# What you should do
Directions for the data below: repeat exactly the lines from the one with "Used Volkswagen ID.7" through the one with "Camera Tripla Comfort, Central", both included, and omit all pictures.

# Provided material
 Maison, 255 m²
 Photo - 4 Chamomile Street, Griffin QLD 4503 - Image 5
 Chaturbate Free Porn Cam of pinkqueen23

...

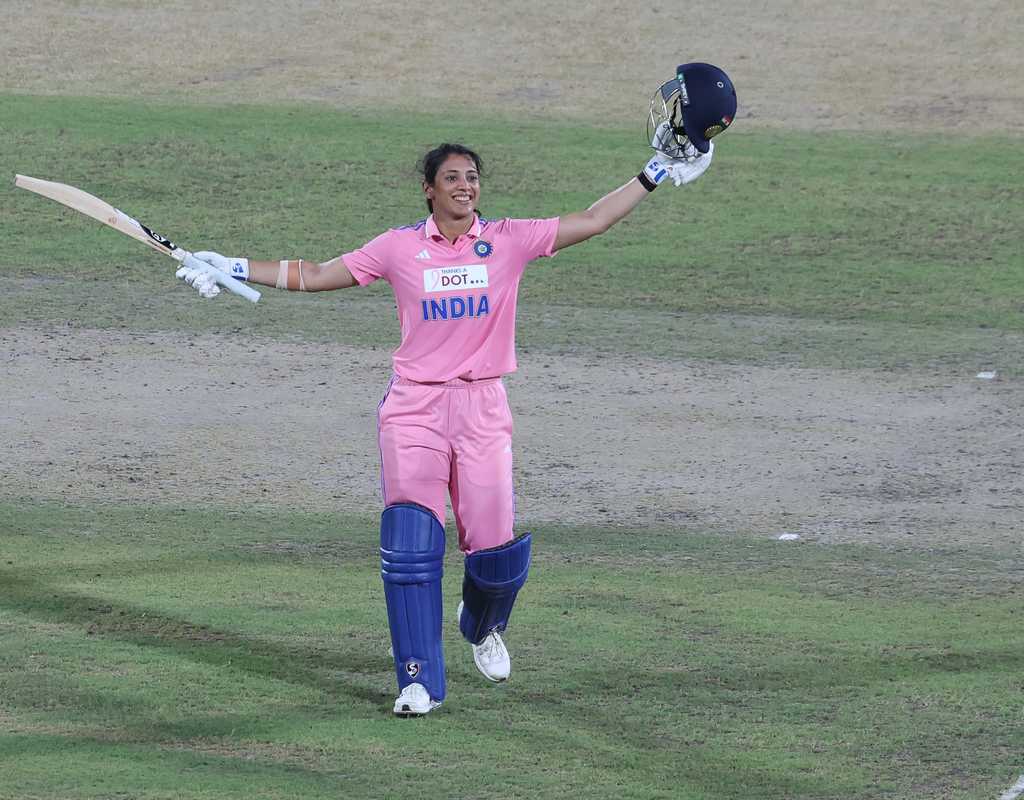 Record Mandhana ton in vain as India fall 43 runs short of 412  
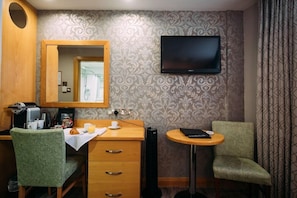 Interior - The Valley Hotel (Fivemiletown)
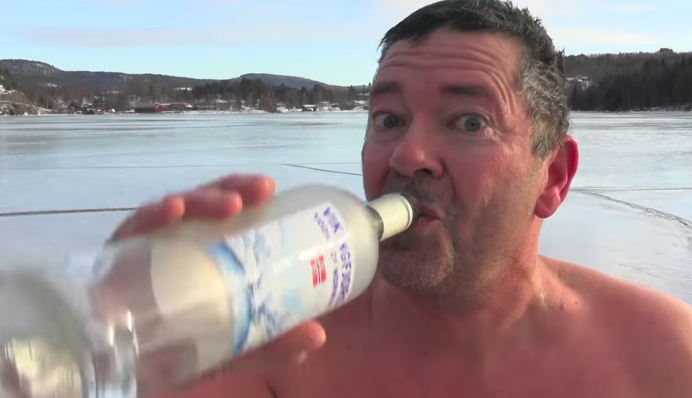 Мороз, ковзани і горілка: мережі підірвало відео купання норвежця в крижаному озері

---

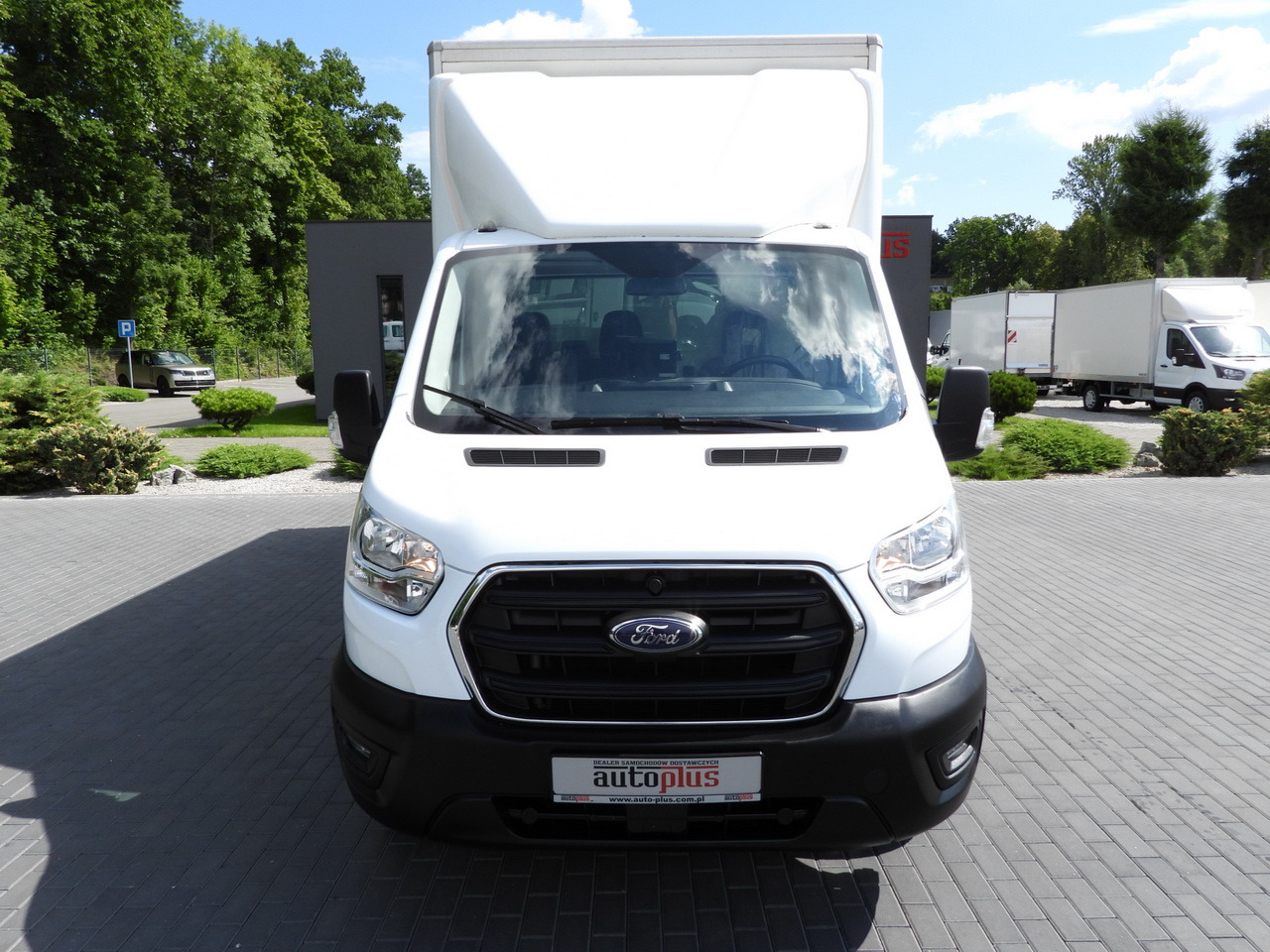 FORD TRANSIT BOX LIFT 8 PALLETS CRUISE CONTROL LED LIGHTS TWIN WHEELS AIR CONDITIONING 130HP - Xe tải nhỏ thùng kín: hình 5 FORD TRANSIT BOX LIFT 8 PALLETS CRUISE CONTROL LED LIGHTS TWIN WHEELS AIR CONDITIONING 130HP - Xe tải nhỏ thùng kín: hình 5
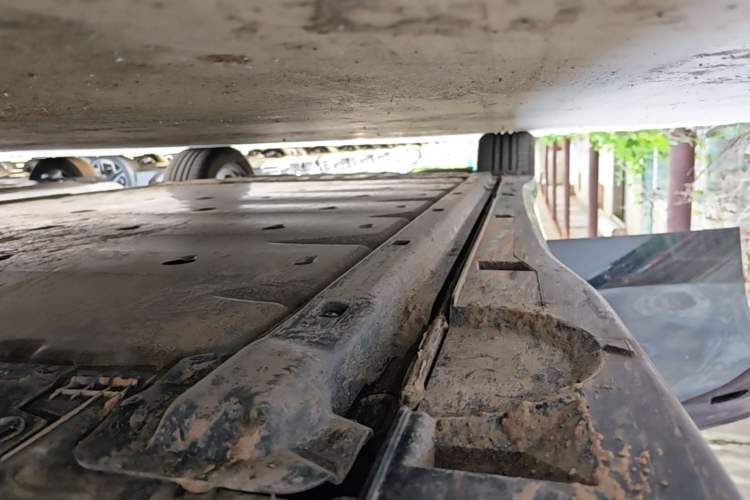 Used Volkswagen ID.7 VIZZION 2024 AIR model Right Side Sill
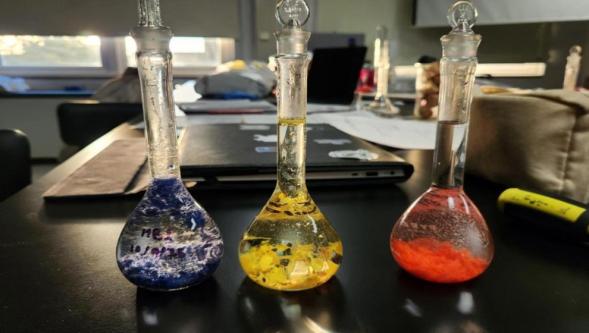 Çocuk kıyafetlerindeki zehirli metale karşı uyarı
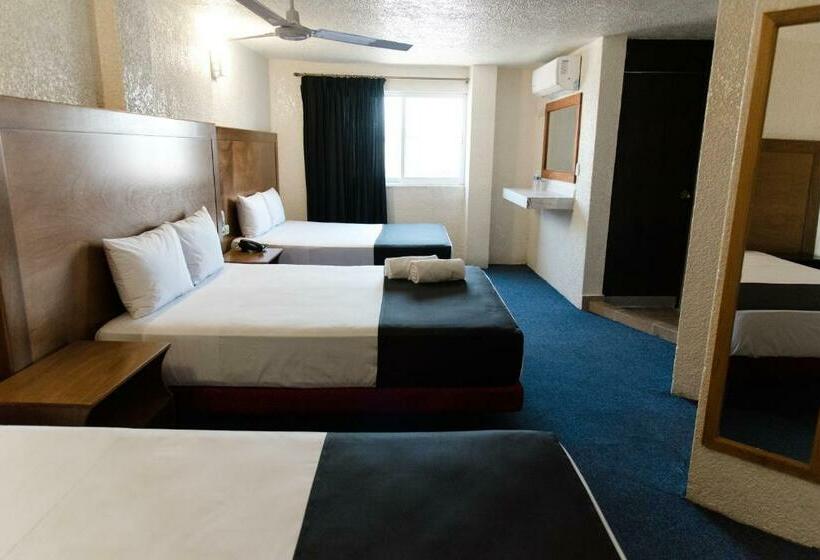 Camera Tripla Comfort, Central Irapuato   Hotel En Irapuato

# Response below
 Used Volkswagen ID.7 VIZZION 2024 AIR model Right Side Sill
 Çocuk kıyafetlerindeki zehirli metale karşı uyarı
 Camera Tripla Comfort, Central Irapuato   Hotel En Irapuato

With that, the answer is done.